Instructions to follow :: Repeat each entry exactly. Drop every image.

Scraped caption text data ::
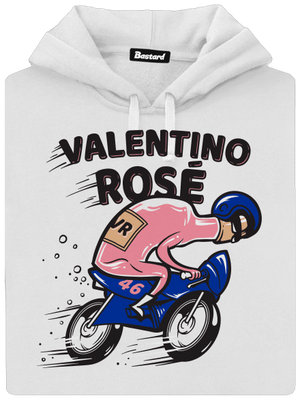 Valentino Rose dámská mikina klokanka White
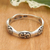 Sterling silver band ring, 'Chic and Classic' - Sterling Silver Band Ring with Traditional Balinese Motif (image 2) thumbail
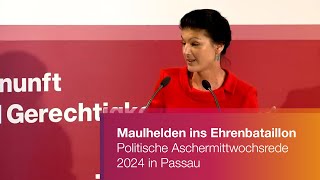 Maulhelden ins Ehrenbataillon  Politische Aschermittwochsrede 2024 in Passau [upl. by Morgen]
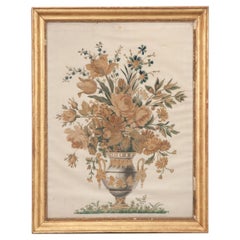 Antique French 19th Century Framed Needlepoint
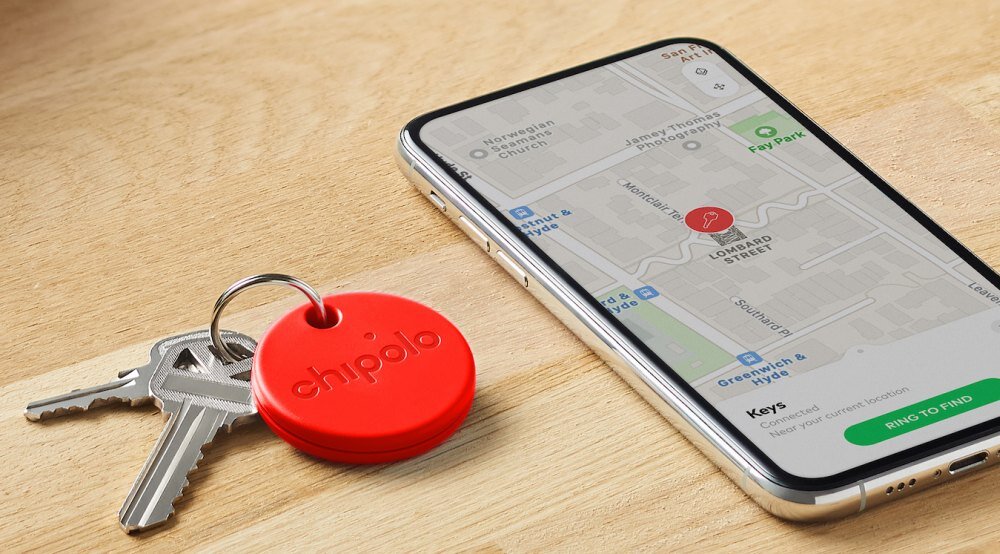 Lokalizator CHIPOLO One wyszukiwarka przedmiotów  wyszukiwarka kluczy wyszukiwarka Bluetooth tropiciel Bluetooth znajdź klucze znajdź telefon znajdź zgubione klucze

Your solution ::
 Valentino Rose dámská mikina klokanka White
 Sterling silver band ring, 'Chic and Classic' - Sterling Silver Band Ring with Traditional Balinese Motif (image 2) thumbail
 Maulhelden ins Ehrenbataillon  Politische Aschermittwochsrede 2024 in Passau [upl. by Morgen]
 Antique French 19th Century Framed Needlepoint
 Lokalizator CHIPOLO One wyszukiwarka przedmiotów  wyszukiwarka kluczy wyszukiwarka Bluetooth tropiciel Bluetooth znajdź klucze znajdź telefon znajdź zgubione klucze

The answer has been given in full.